--- Pictures with short captions ---
--- START ---

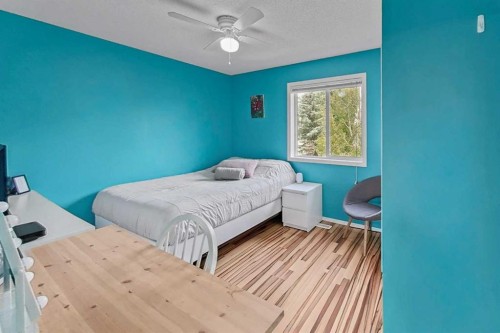 266 Cranwell Bay Se, Calgary, AB - Indoor Photo Showing Bedroom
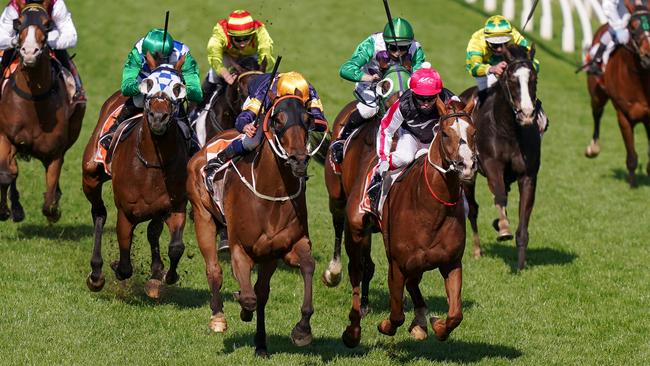 Wild Planet (gold cap) makes his run to win the Moonga Stake. Picture: Getty Images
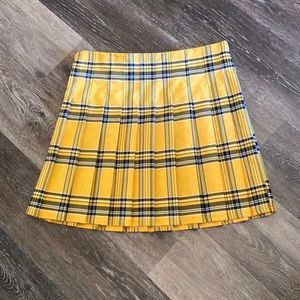 a skirt like Chers from clueless. (Yellow black and white plaid)
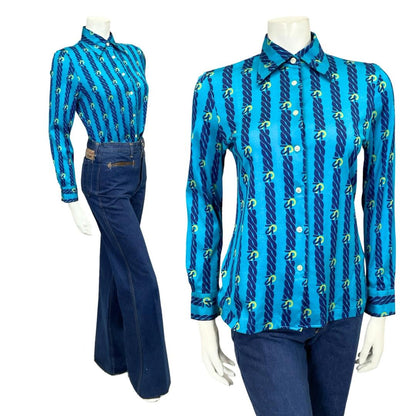 Mannequin wears a blue 60s 70s chain print dagger collar shirt with blue flared jeans 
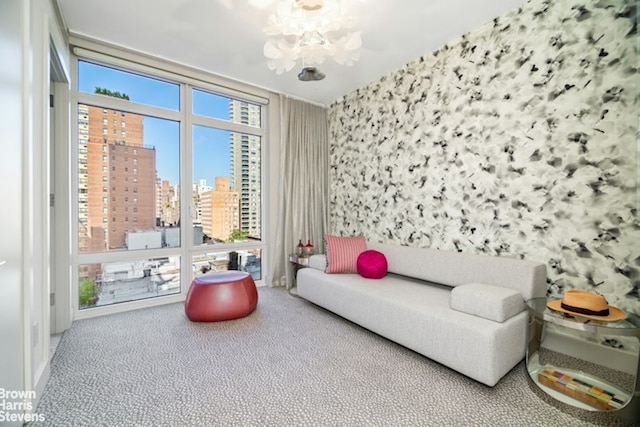 interior space with a chandelier, a healthy amount of sunlight, and carpet floors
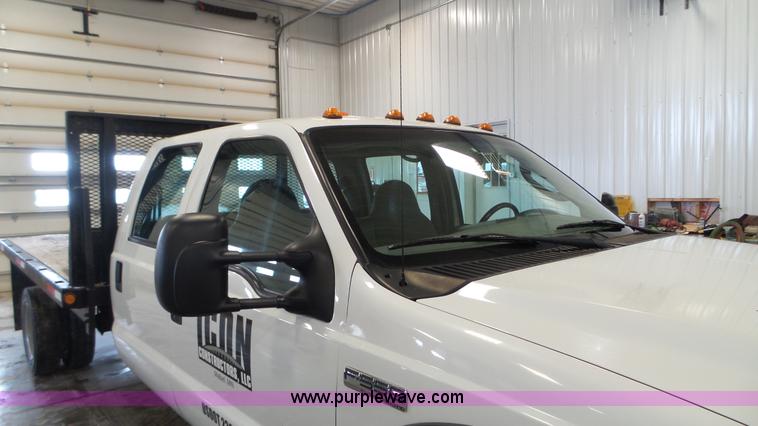 image for item K3493 2007 Ford F550 Super Duty Crew Cab flatbed truck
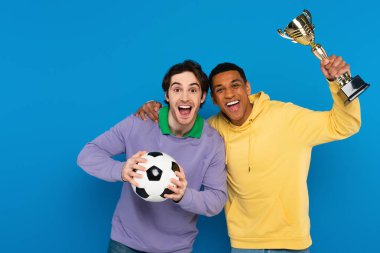 heyecan verici ırklar arası futbol oyuncuları top ve kupayı mavi renkte tutuyorlar.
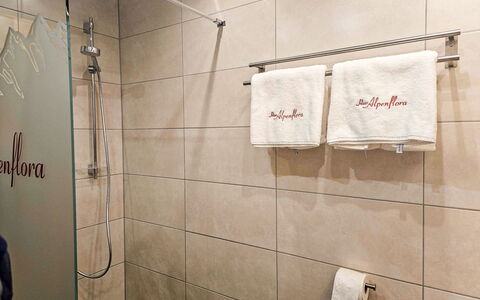Alpenflora: Flooring, Bedroom, Bedding, Bed, Bed Frame, Linens, Bed Sheet, Hardwood, Mattress, Wood Flooring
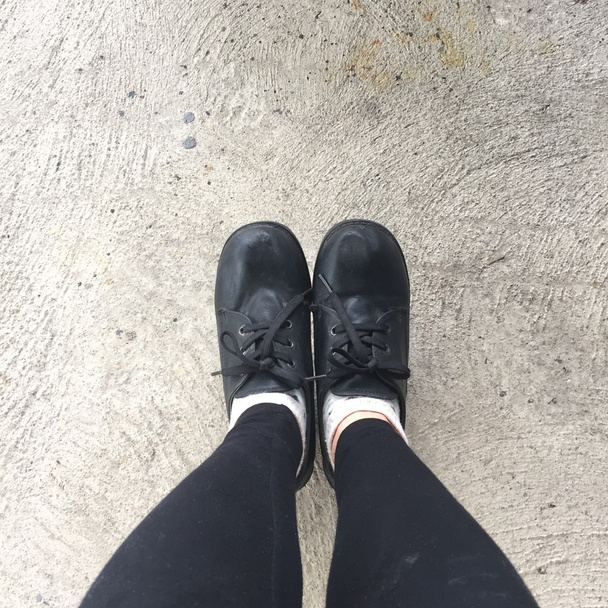Selfie Füße tragen schwarzen Schuh für Frau auf dem Boden Hintergrund  - Foto, Bild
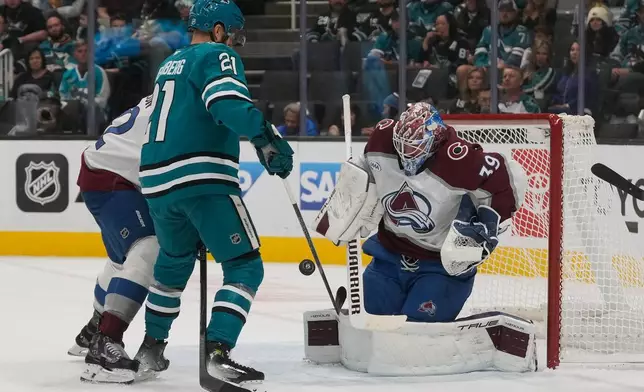 Colorado Avalanche goaltender Mackenzie Blackwood, right, defends against a shot next to San Jose Sharks center Alexander Wennberg (21) during the first period of an NHL hockey game in San Jose, Calif., Saturday, Nov. 1, 2025. (AP Photo/Jeff Chiu)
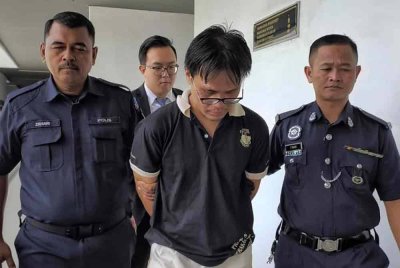 Kuan Jie (tengah) ketika dibawa keluar dari Mahkamah Majistret pada Rabu.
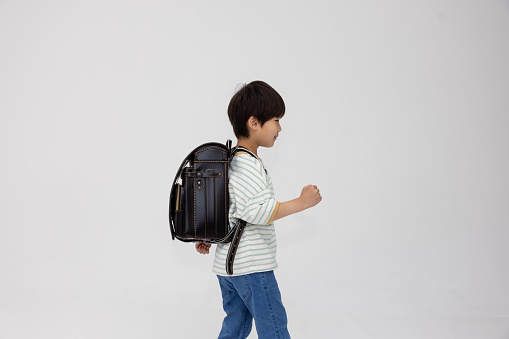 Little school boy preparing schoolbag for school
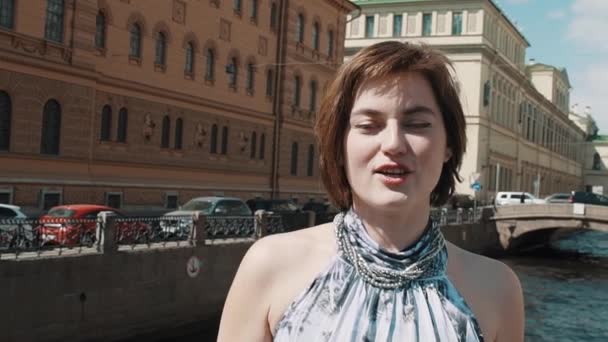 Красива дівчина в легкій сукні співає вздовж річки в старому центрі міста — стокове відео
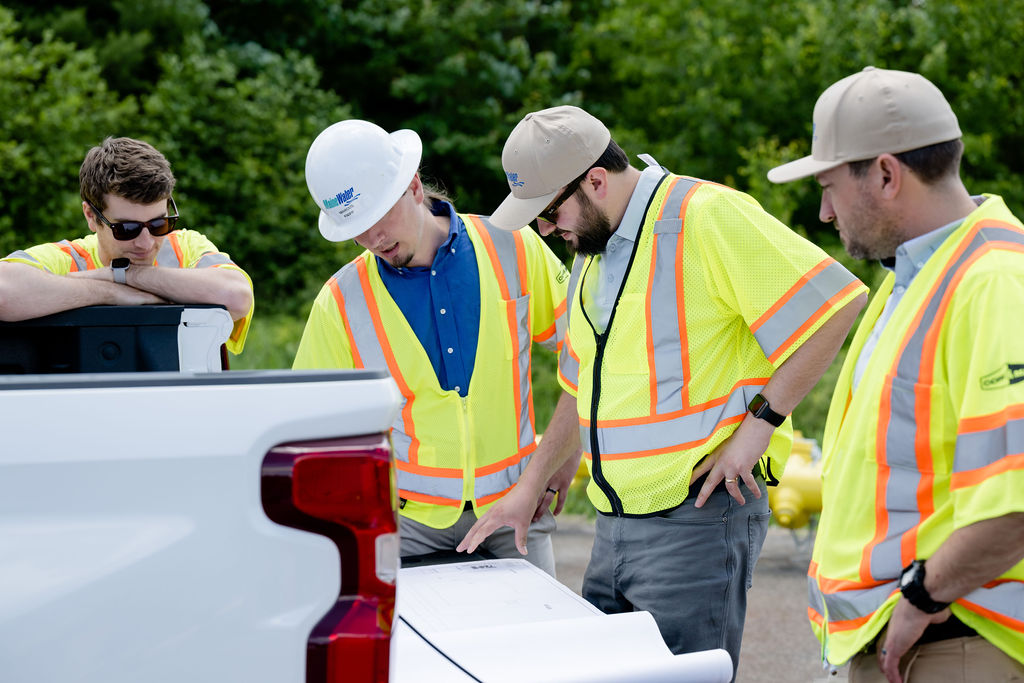 people on the job site in saftey vets and hard hats looking at project plans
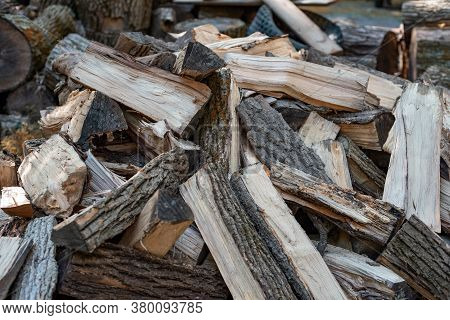 Outdoor Shot Of A Stacked Pile Of Firewood Lit By Beautiful Warm Rays Of Sunlight, Feedstock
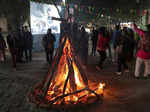 New Delhi: People celebrate Lohri festival at Delhi Haat INA in New Delhi on Friday January 13, 2023. (Photo: Wasim Sarvar/IANS)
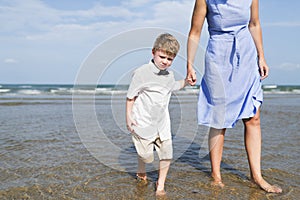 Mother and son chilling at the beach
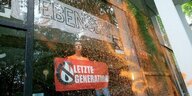 Besprühte Fensterfront des Hamburger Audimax, dahiner Aktivistin der Letzten Generation mit Transparent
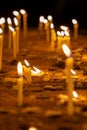 Candles in a church in memory of the dead and saints. Royalty Free Stock Photo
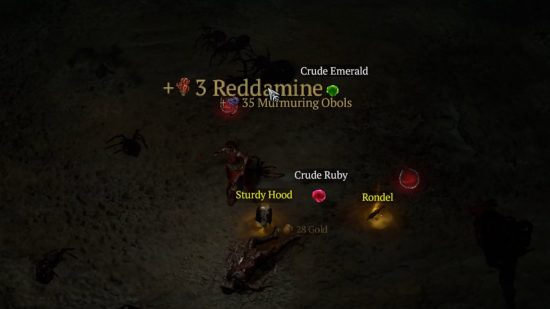 Reddamine, one of the many Diablo 4 resources, and other valuable items, lay on the floor having burst from a chest.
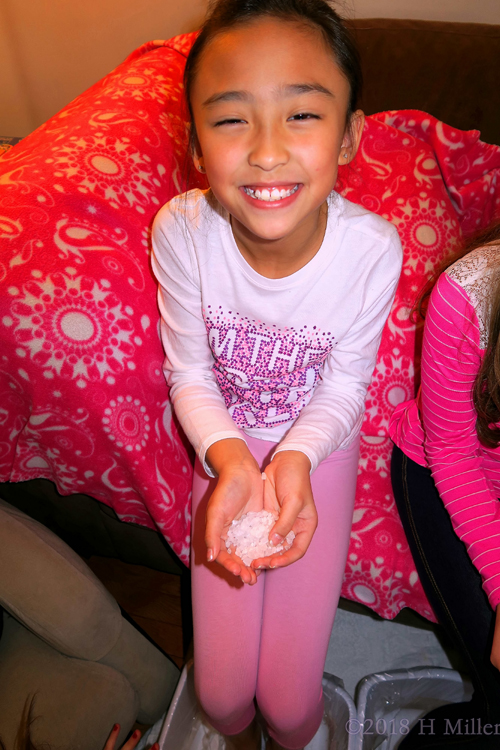 Birthday Girl All Smiles With Her Footbath Salt Crystals During Kids Pedicures!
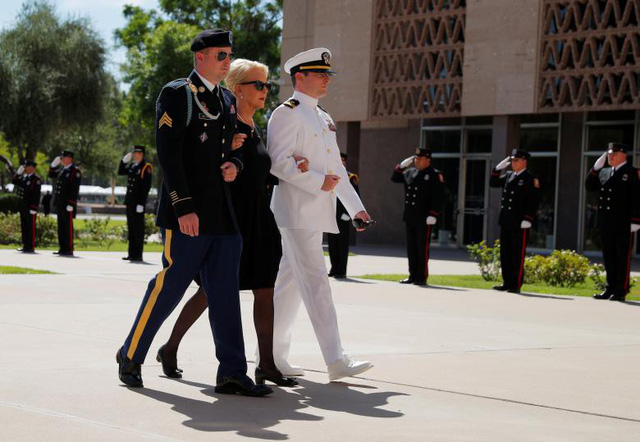 Bà Cindy McCain, phu nhân cố Thượng nghị sĩ John McCain, cùng hai con trai James (trái) và John (phải) đi theo sau linh cữu tiến vào tòa nhà nghị viện Arizona.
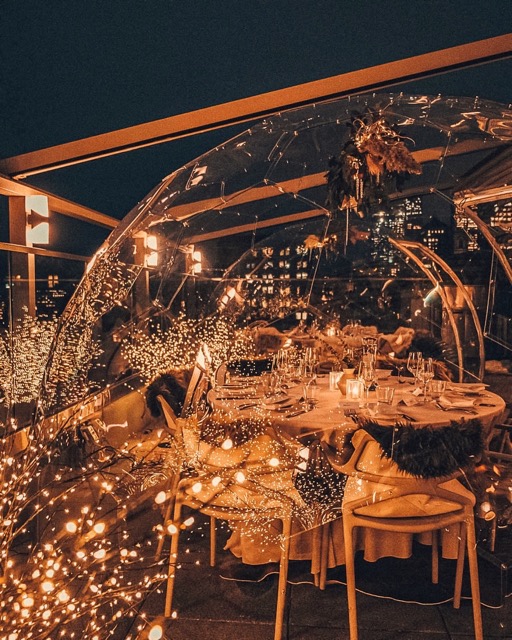 Cena in baccello in un ristorante sul tetto sotto il cielo di mezzanotte, illuminato da luci fiabesche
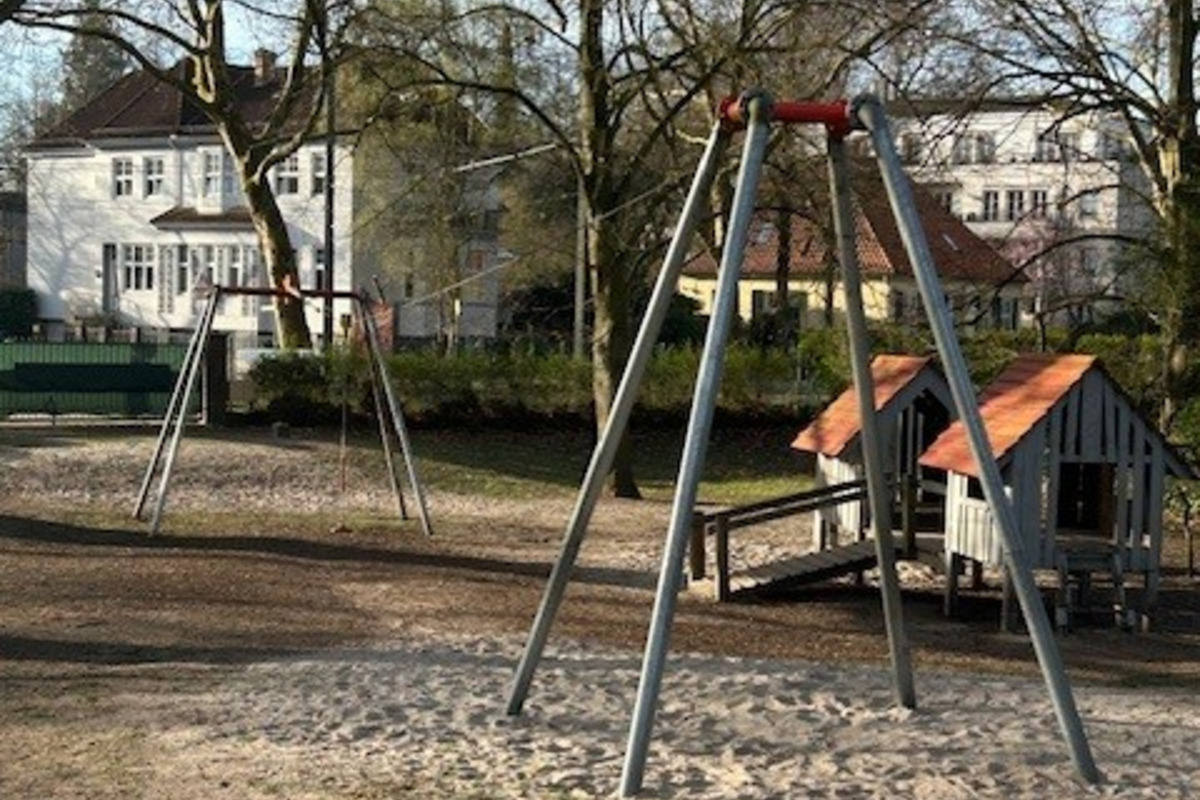 Ein Spielplatz mit zwei Schaukeln aus Metall steht auf einem Sandboden. Im Hintergrund sind Bäume und ein kleines Spielhaus zu sehen. Die Umgebung wirkt ruhig und einladend.
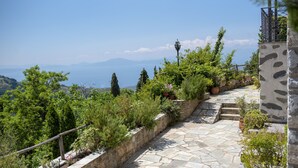 A stone pathway leading uphill with a view of the sea and mountains in the distance. - To Stefani tis Makrinas (Volos)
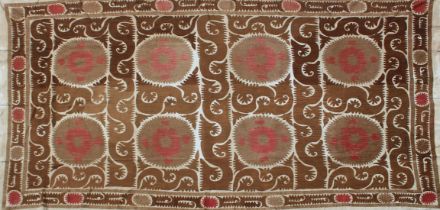 A VERY LARGE 20TH CENTURY SAMARKAND UZBEKISTAN WEDDING SUZANI TEXTILE, in light browns and reds on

--- END ---

When you reach the line that has "Little school boy" in the data above, start repeating lines exactly, and stop after the line that has "Besprühte Fensterfront des"; pictures stay out.

 Little school boy preparing schoolbag for school
 Красива дівчина в легкій сукні співає вздовж річки в старому центрі міста — стокове відео
 people on the job site in saftey vets and hard hats looking at project plans
 Outdoor Shot Of A Stacked Pile Of Firewood Lit By Beautiful Warm Rays Of Sunlight, Feedstock
 New Delhi: People celebrate Lohri festival at Delhi Haat INA in New Delhi on Friday January 13, 2023. (Photo: Wasim Sarvar/IANS)
 Mother and son chilling at the beach
 Besprühte Fensterfront des Hamburger Audimax, dahiner Aktivistin der Letzten Generation mit Transparent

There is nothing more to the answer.